The agency said nearly 27,500 migrants arrived in Italy in October, an all-time monthly record fuelled by favourable weather conditions.
It said on Wednesday in Rome that the figure was the highest monthly number ever recorded in the Central Mediterranean and more than twice as many as in the previous month.
The agency said that the arrivals surged because, after “relatively poor weather conditions in September, people smugglers loaded more people than usual on unseaworthy vessels before winter makes crossings impossible’’.
It said that it led to a very high number of deaths, reporting that 127 bodies were recovered on the sea stretch between Italy and North Africa and that it was likely that many more persons drowned.

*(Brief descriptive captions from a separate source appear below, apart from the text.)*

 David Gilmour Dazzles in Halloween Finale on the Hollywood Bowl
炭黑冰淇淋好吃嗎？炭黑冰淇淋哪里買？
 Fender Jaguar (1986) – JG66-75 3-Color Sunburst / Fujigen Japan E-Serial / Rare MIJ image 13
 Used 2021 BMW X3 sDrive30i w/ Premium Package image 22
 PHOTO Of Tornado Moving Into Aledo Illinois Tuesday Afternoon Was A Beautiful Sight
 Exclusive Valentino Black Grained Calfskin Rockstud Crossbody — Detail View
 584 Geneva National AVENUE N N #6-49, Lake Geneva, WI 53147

“Tragedies were continuing in November as the Italian coastguard recovered one body and 580 migrants were rescued in Wednesday sea operations.
“This added to seven bodies recovered and almost 900 saved Monday and Tuesday,’’ it said.

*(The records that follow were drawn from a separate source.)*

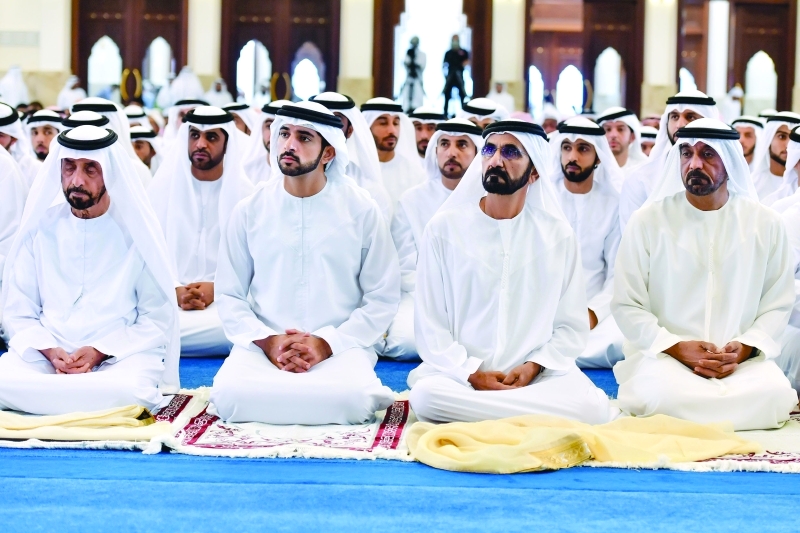 "■ محمد بن راشد وحمدان بن محمد وأحمد بن سعيد ومحمد بن خليفة يستمعون إلى خطبة العيد | تصوير: محمد هشام"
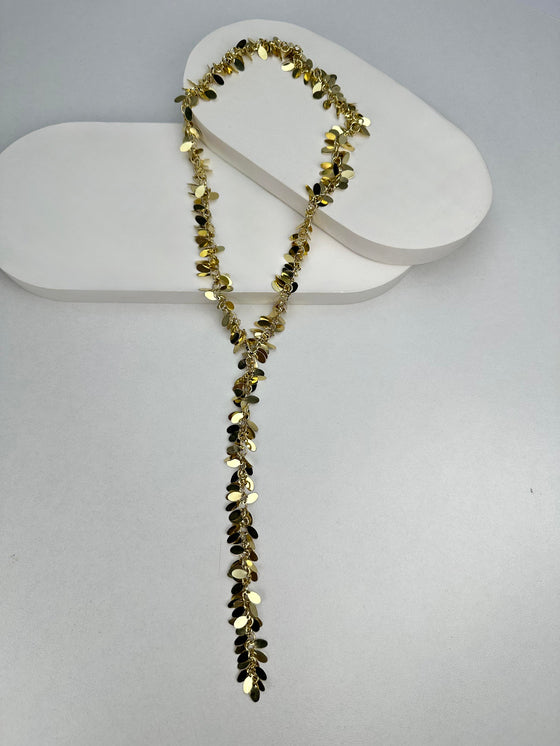 Yaprak Püsküllü Gold Dekolte Kolye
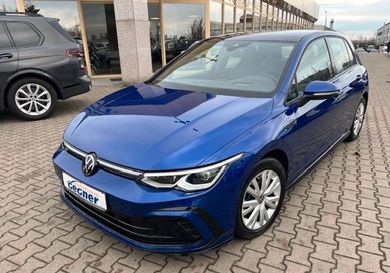 Volkswagen Golf, 2023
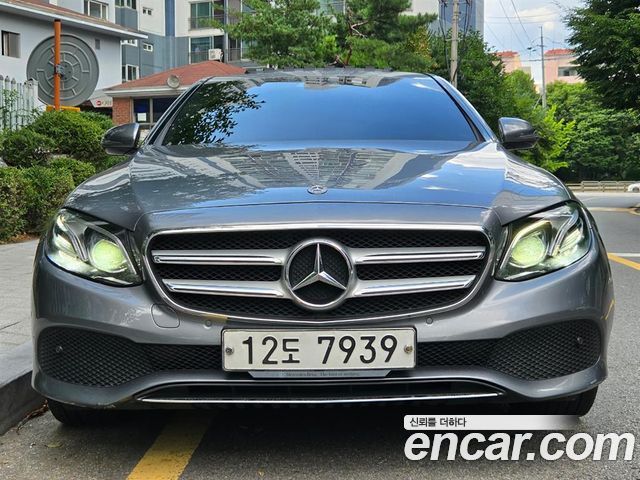 Mercedes-Benz E-Class из Кореи Encar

Frontex said that most migrants who landed in Italy in October came from Nigeria and Eritrea.
It said that the year’s provisional tally of arrivals was nearly 159,500, up 13 per cent compared to the same period in 2015.
The agency noted that Italy became the main entry point for EU-bound migrants in the first half of 2016, after the so-called Balkan route via Greece was closed by an EU-Turkey repatriation deal and tighter border controls.
“Greece recorded 1,700 landings last month, compared to more than 170,000 in October, 2015.
“Migrants mostly came from Afghanistan, Pakistan and Iraq,’’ it said.
The thousands of Nigerians who seek to enter Europe through Italy via the Mediterranean has been a source of concern to both the Nigerian and European governments.
The Nigerians often travel the rough and risky road route via Niger to arrive in war-torn Libya where they join others to try to cross the Mediterranean.
On Tuesday, the Nigerian anti-trafficking agency, NAPTIP, said it intercepted 50 Nigerians who had embarked on the route.
“There are males and females as well as three minors in the group and they all fall within the ages of three and 45 years,” a NAPTIP official said.